Bug #5446
PUT UNFORMATTED performace (stream is flushed on each call)
0%
History
#1 Updated by Constantin Asofiei almost 3 years ago
This testcases executes in 4GL almost immediately:
def var ch as char. ch = "1234567890123456789012345678901234567890123456789012345678901234567890123456789012345678901234567890". ch = ch + ch. def stream rpt. output stream rpt to a.txt. def var i as int. do i = 1 to 100000: put stream rpt unformatted ch skip. end. output close.
In FWD, it takes minutes to complete.

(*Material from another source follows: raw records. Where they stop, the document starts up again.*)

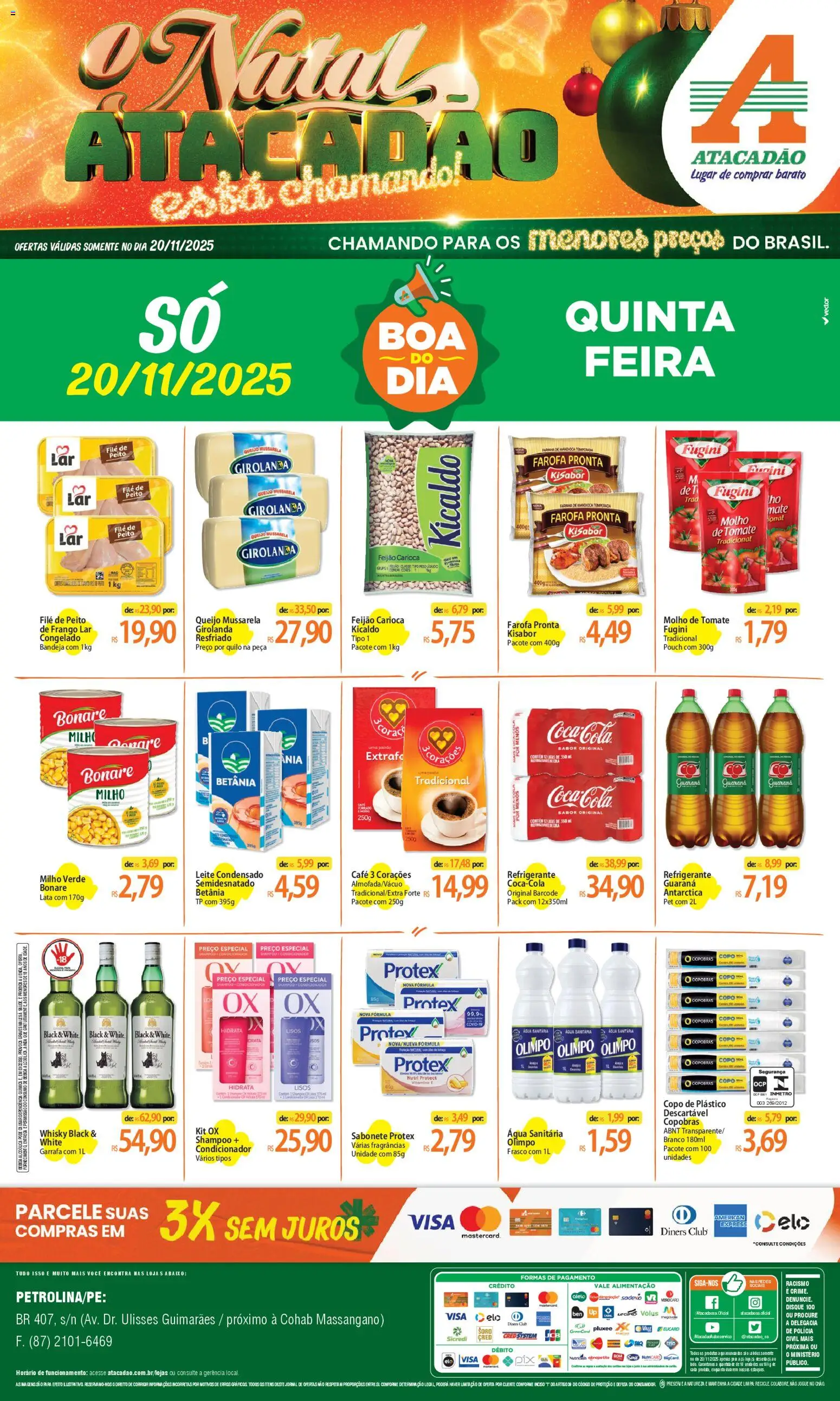 Pré-Visualização do folheto "Ofertas - PE" da loja Atacadão válido a partir de 20/11/2025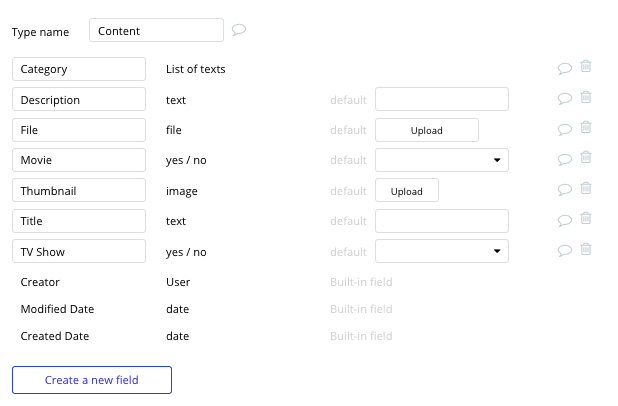 Bubble Netflix Content Data Type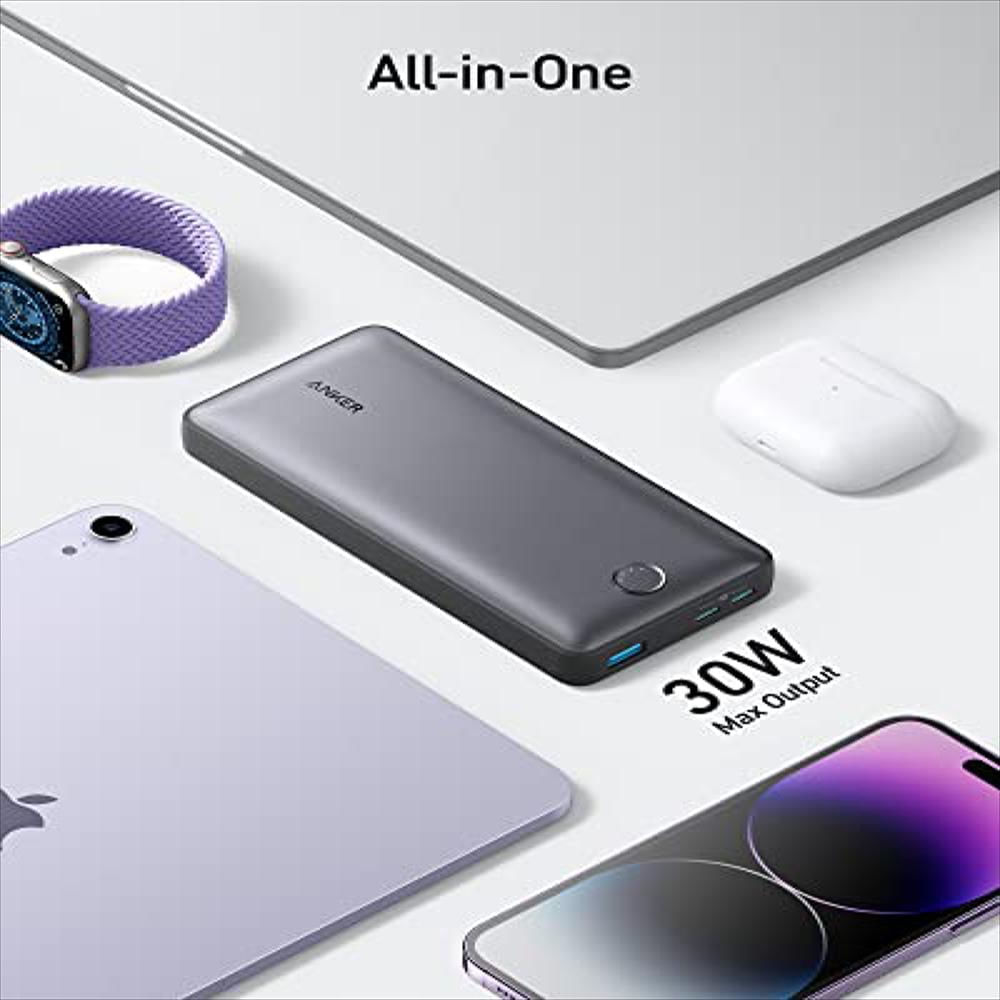 Cargador Portátil Anker Power Iq 3.0 Batería De 20.000 Mah Usb C Negro img #3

Even though there are 100k server-client roundtrips, the most consuming factor is the buffer flush in Stream.putWorker
line 5785, which makes the buffer's 4096 bytes useless.
If this line is commented, FWD completes a lot faster (~20 times faster, as each line is 200 bytes and the buffer is 4096 bytes).
The question is: is the buffer flush for a PUT
statement required in 4GL?
#4 Updated by Greg Shah over 2 years ago
The question is: is the buffer flush for a PUT statement required in 4GL?
I think we needed to downcall and flush for each statement for some use cases in the 4GL. If I recall correctly, it was related to child process streams. Anytime PUT UNFORMATTED
is used on a stream created by OUTPUT THROUGH
or INPUT-OUTPUT THROUGH
, the pipeline won't work unless there is an immediate downcall AND a flush for each downcall.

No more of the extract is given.